DATASET EXCERPT.
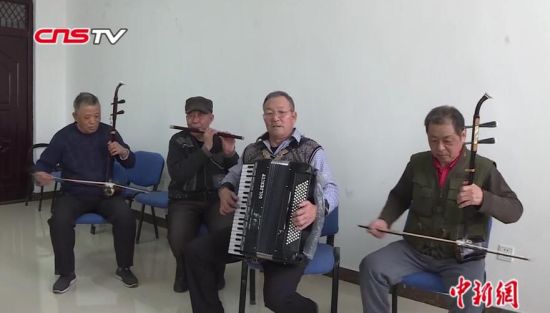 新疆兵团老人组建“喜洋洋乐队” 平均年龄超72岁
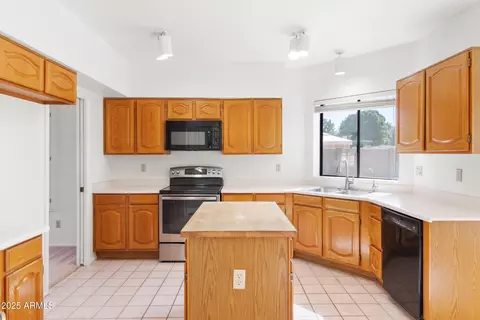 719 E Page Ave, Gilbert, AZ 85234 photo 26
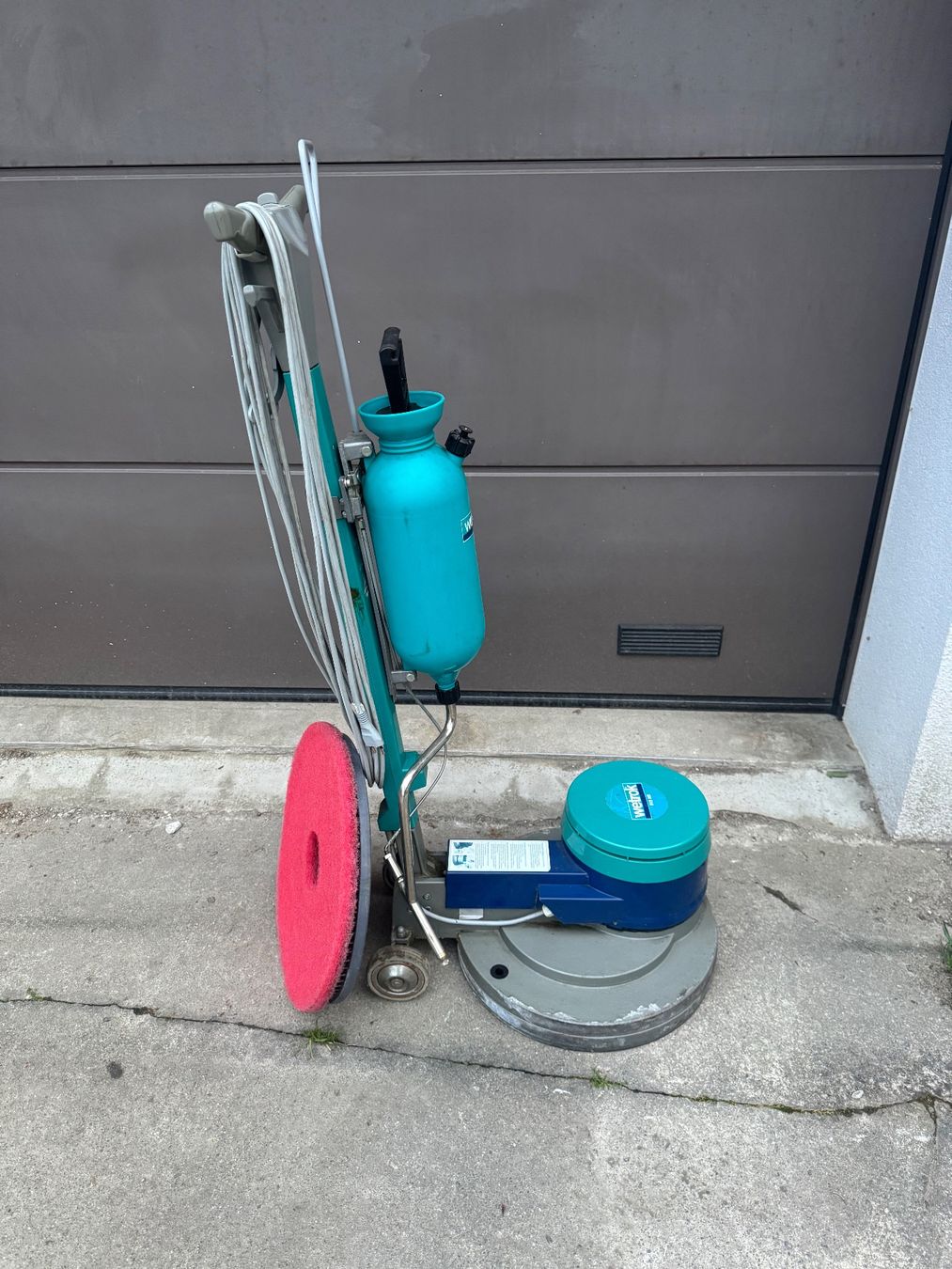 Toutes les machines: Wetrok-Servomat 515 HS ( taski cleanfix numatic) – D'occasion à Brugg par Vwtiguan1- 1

TASK PROMPT. Retype the full listing above precisely. Exclude each picture you find in it.

REPLY TO THE EXERCISE.
 新疆兵团老人组建“喜洋洋乐队” 平均年龄超72岁
 719 E Page Ave, Gilbert, AZ 85234 photo 26
 Toutes les machines: Wetrok-Servomat 515 HS ( taski cleanfix numatic) – D'occasion à Brugg par Vwtiguan1- 1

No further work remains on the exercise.